Lösen Sie Ihre Sanifair-Coupons ein? Die Gretchenfrage der deutschen Autobahn

Wie die Autobahn zu Deutschland gehört, so gehört der Sanifair-Bon zur Autobahn. Die grünen Zettel quittieren seit 15 Jahren die 70 Cent (ehemals 50), die ein Toilettengang auf den Raststätten der Tank & Rast kostet. Als kleiner Ausgleich für die Monetarisierung von Grundbedürfnissen wird ein 50-Cent-Coupon für Einkäufe an ebenjenen Raststätten geboten. Das dürfte einer ZEHNTELTAFEL MILKASCHOKOLADE zu Raststättenpreisen entsprechen.

Eine vom RBB beauftragte Umfrage hat nun erhoben, dass knapp ein Viertel der Befragten diese Bons nie einlösen, ein weiteres Viertel nur äußerst selten. Der RBB will daraufhin ausgerechnet haben: Bei 520 bundesweiten Sanifair-Anlagen, die je durchschnittlich 500 Leuten am Tag Erleichterung bieten, würden im Jahr Coupons im Wert von etwa 20 Millionen Euro verfallen. Tank & Rast kommentiert, man könne diese Zahlen nicht nachvollziehen. Die genauen Zahlen hält die Firma unter Verschluss.

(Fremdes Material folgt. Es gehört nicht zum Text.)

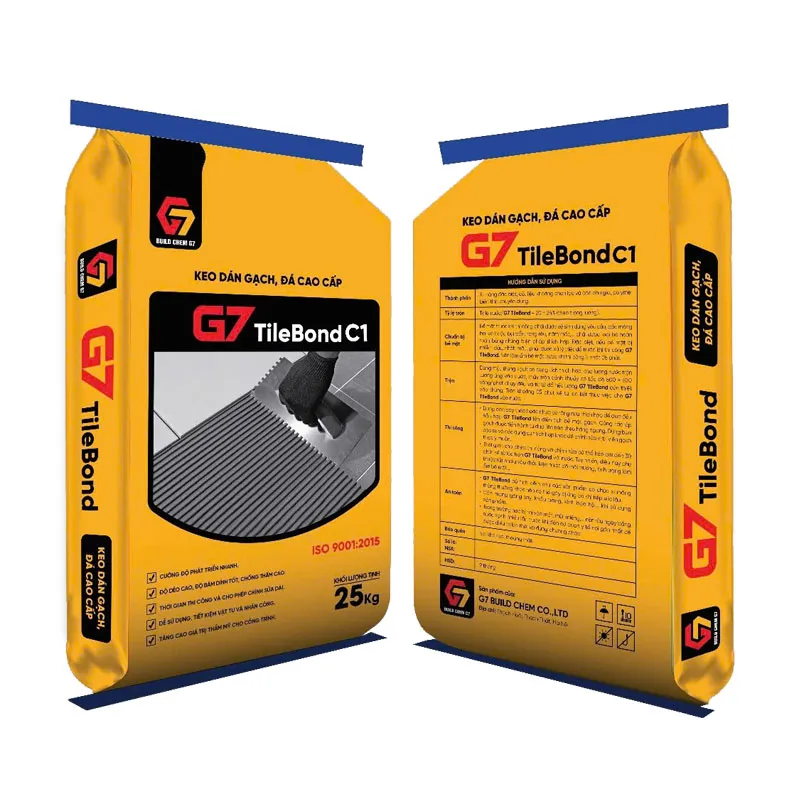 G7 TILEBOND C1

Sanifair wurde 2003 gegründet, als Versuch die Gewinnausschüttungen von Raststätten zu erhöhen, pardon: die Hygienestandards von Raststätten zu erhöhen. Unter der letzten Kohl-Regierung war Tank & Rast 1998 privatisiert worden, wechselte seitdem weitere zwei Mal den Besitzer. Seit Gründung von Sanifair war das Unternehmen in den Händen von Lufthansa, dem Apax-Fond und der Allianz-Tochter Allianz Capital Partners, die auch seit 2015 das Unternehmen wieder führt.

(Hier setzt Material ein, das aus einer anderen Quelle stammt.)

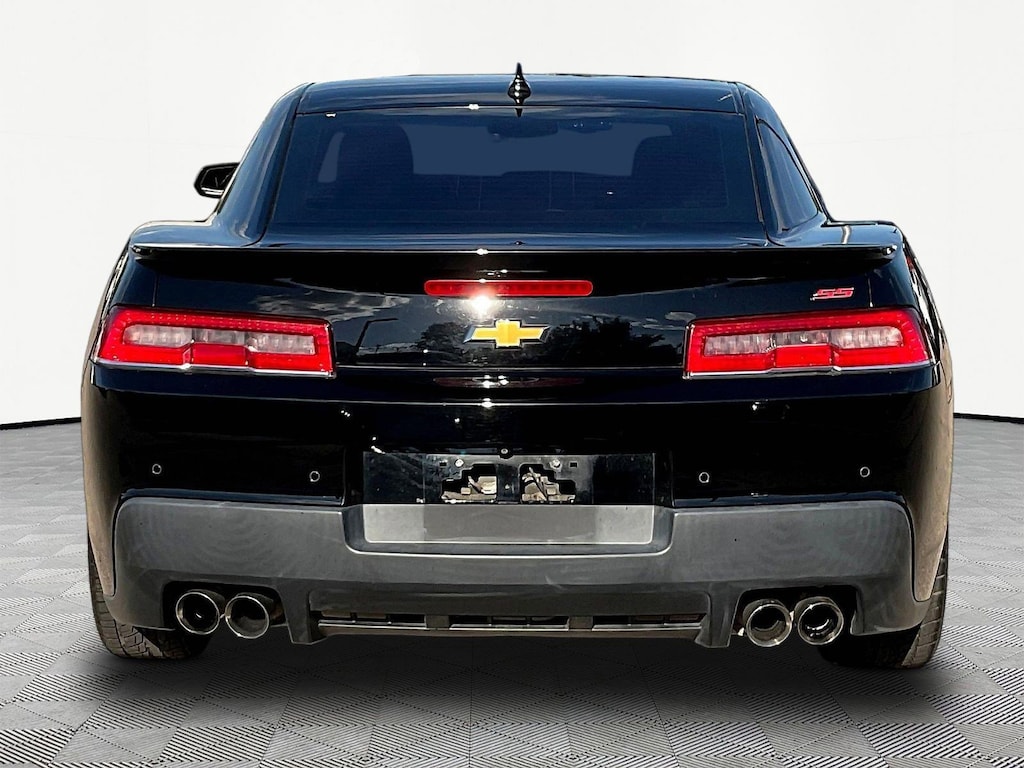 Used 2014 Chevrolet Camaro SS w/2SS Coupe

Pächter von Raststätten beschwerten sich in der Vergangenheit über die 10.000 Euro, die für Schulungen im Umgang mit dem Toi­lettensystem veranschlagt werden. „Absolut üblich“, sagte das Unternehmen dazu. Weniger Beschwerden kommen hingegen von den Benutzer*innen selbst: „Das System hat eine hohe Akzeptanz. Die Leute bezahlen gerne 70 Cent, wenn sie denken, sie kommen dafür auf eine saubere Toilette“, sagt Thomas Lutze aus der Bundestagsfraktion der Linkspartei. Er initiierte vor zwei Jahren die Kampagne „Kein Geschäft mit dem Geschäft“. Die Empörung über Sanifair, auf die Lutze gehofft hatte, blieb jedoch aus.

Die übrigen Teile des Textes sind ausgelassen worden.